-------- SUPPLIED RECORDS
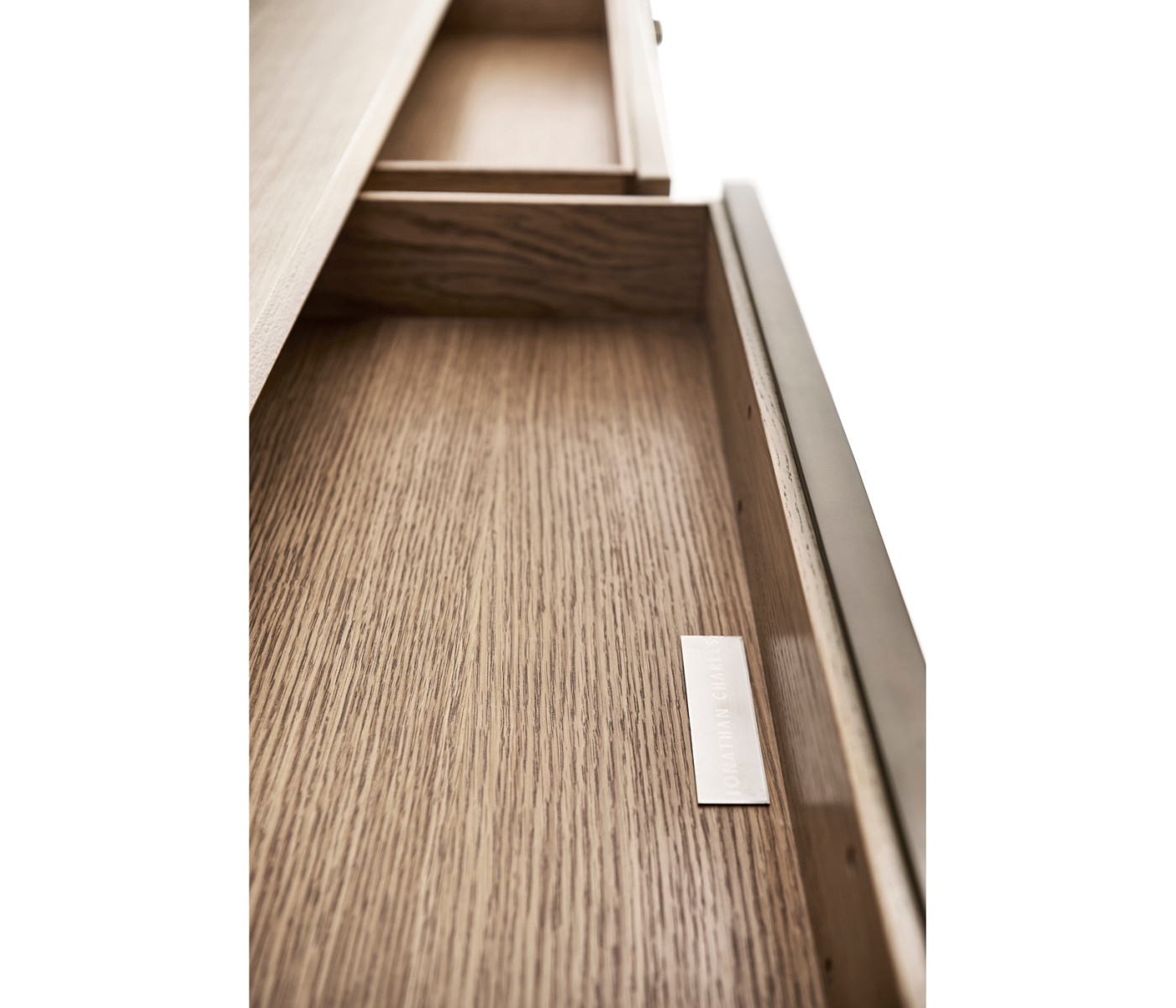 Tideline Console Table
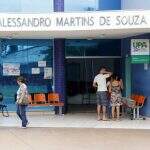 Médicos apresentam atestados e UPA Vila Almeida fica sem pediatras
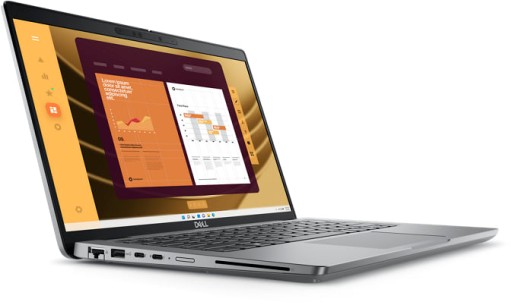 Dell Latitude 5450 Ultra 5-125U 14.0 FHD 16GB 512GB SSD W11PRO 3YPS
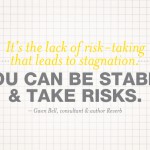 Are Women Entrepreneurs Risk Averse? Are Women Entrepreneurs Risk Averse?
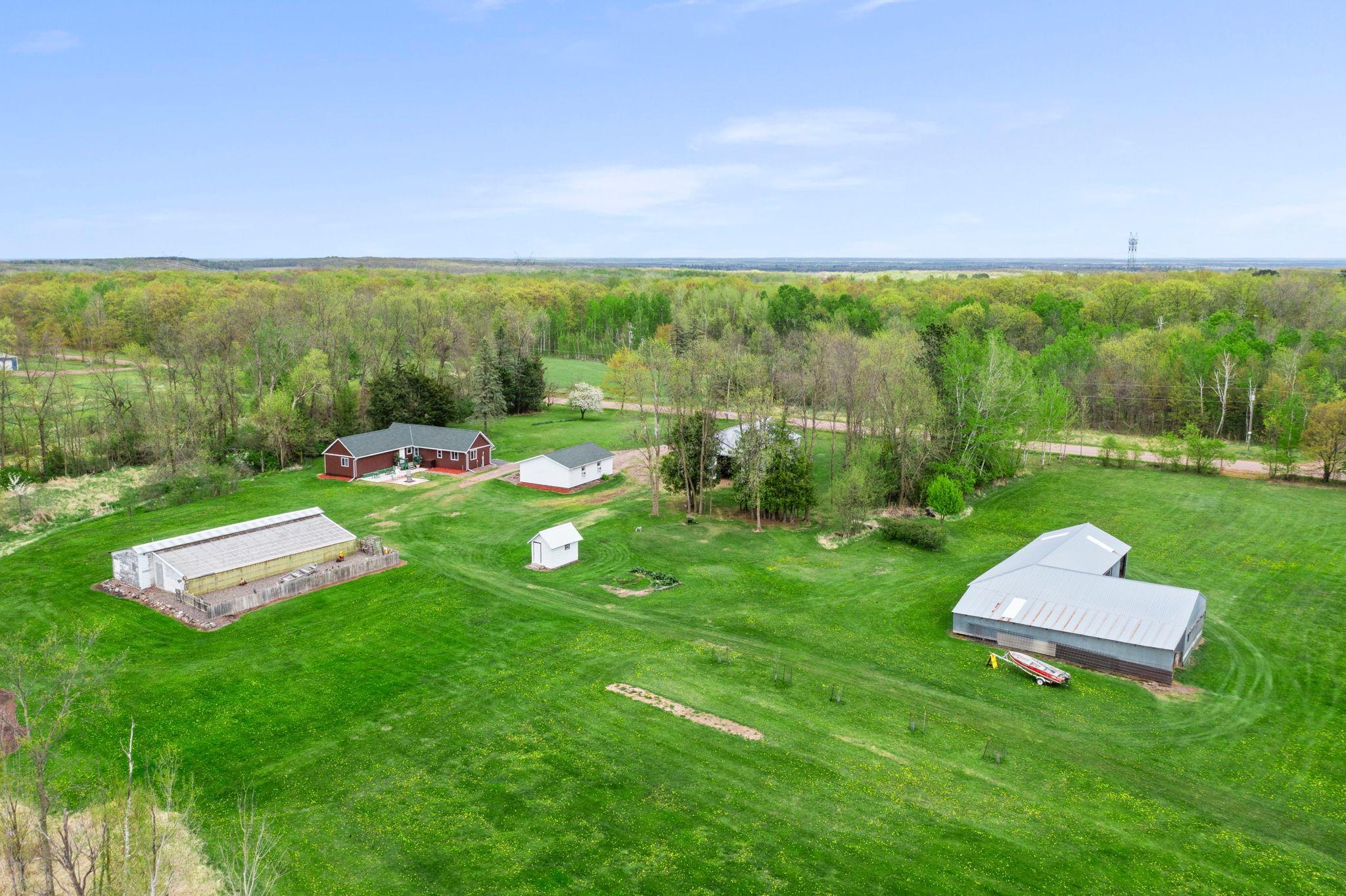 3rd image of 84481 Denham Rd, Willow River, MN 55795 | MLS# 7074846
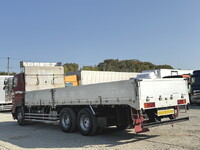 HINO Profia Aluminum Block KS-FR1ESWA 2006 910,000km_2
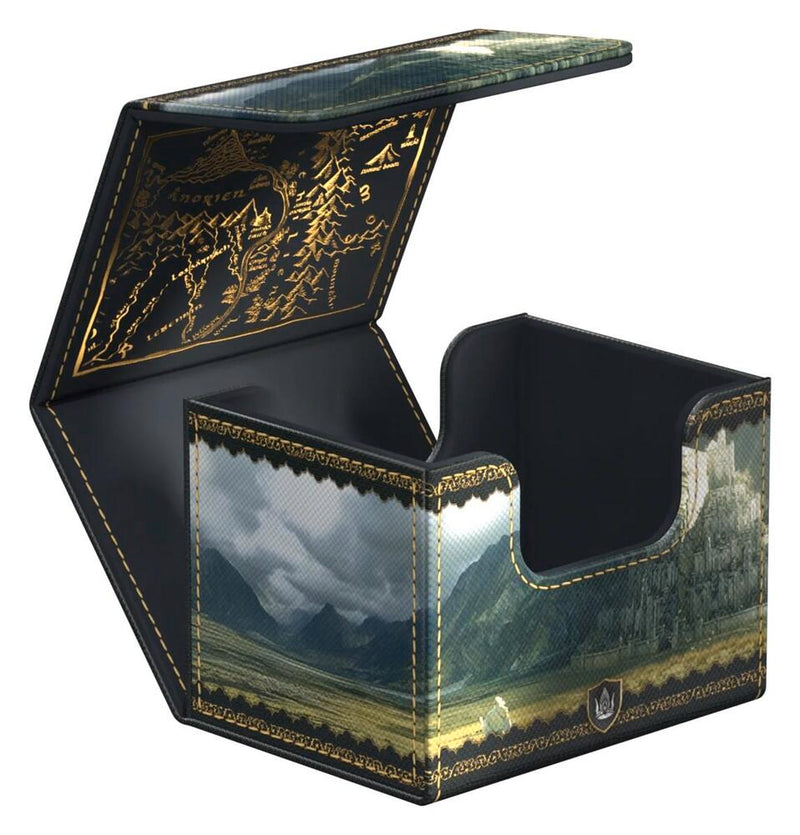 100+ Xenoskin Deck Box The Lord of the Rings: Places of Middle Earth - Gondor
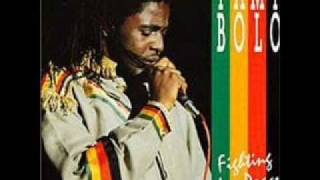 Yami Bolo - Glock War, Gun War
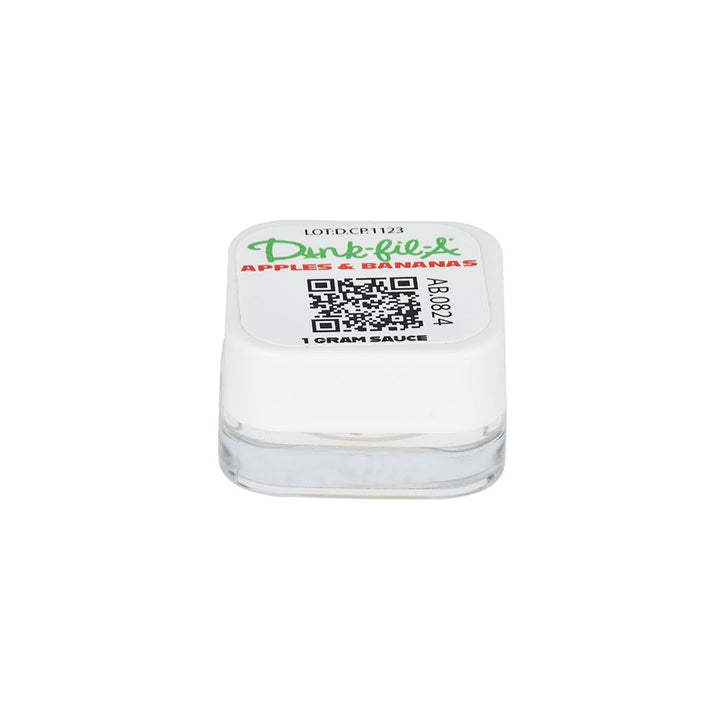 Dank-fil-A THCA Live Sauce THCA Diamonds | 1g - Headshop.com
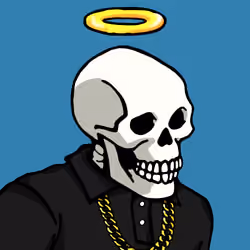 Bones Club #2732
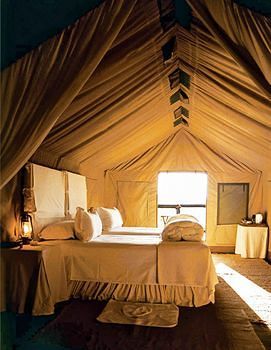 Posada Eagle Tented Lodge & Spa Etosha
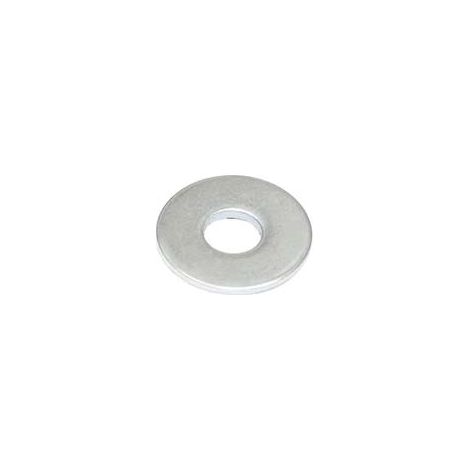 RONDELLA GREMBIALINA TRANCIATA TRE VOLTE IL FORO IN BLISTER- - 8x24 in blister pz.10 (A) - 5 blister AMBROVIT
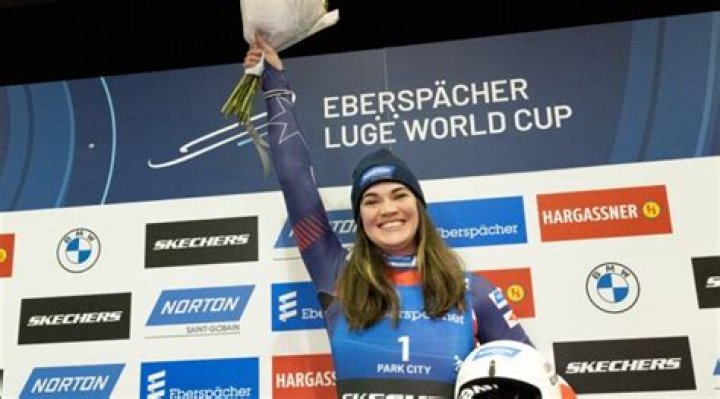 Summer Britcher World Cup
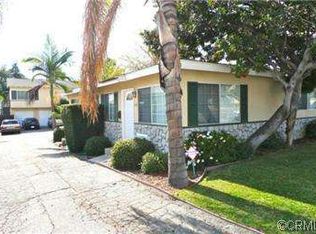 2152 E Washington Blvd, Pasadena, CA 91104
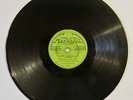 FELIPE RODRIGUEZ / MUERTE DE DIPLO / INCOMPRENSION / 78 RPM RECORD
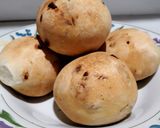 Foto del paso 8 de la receta: Pan con cebolla caramelizada
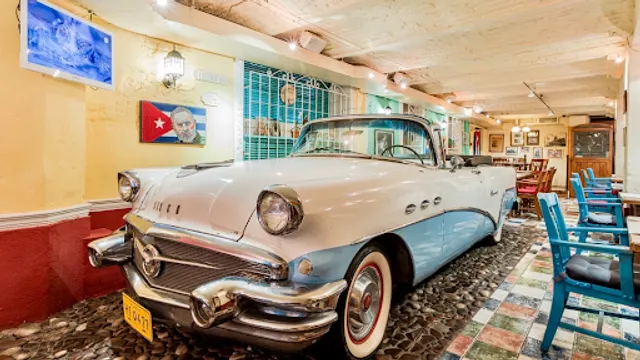 O! Cuba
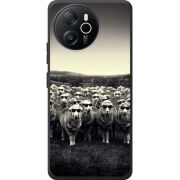 Чохол BoxFace Blackview Shark 8 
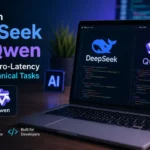 How to Run DeepSeek and Qwen Locally for Zero-Latency Coding & Technical Tasks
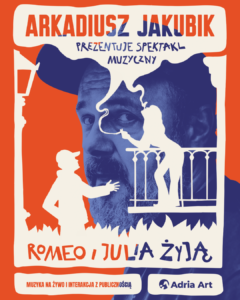 Romeo i Julia Żyją - 1080x1350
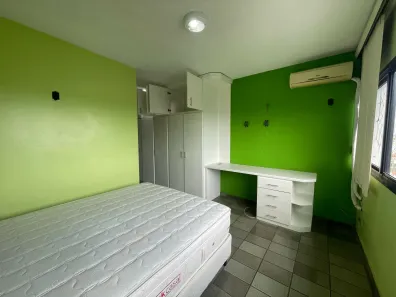 Apartamento com 2 Quartos à venda, 60m² no Centro, Manaus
----------------
> WORK TO COMPLETE:
Exactly and only the lines from the one holding "Foto del paso" through the final line of the material must be returned, both ends included, without any pictures.

> SOLUTION:
 Foto del paso 8 de la receta: Pan con cebolla caramelizada
 O! Cuba
 Чохол BoxFace Blackview Shark 8 
 How to Run DeepSeek and Qwen Locally for Zero-Latency Coding & Technical Tasks
 Romeo i Julia Żyją - 1080x1350
 Apartamento com 2 Quartos à venda, 60m² no Centro, Manaus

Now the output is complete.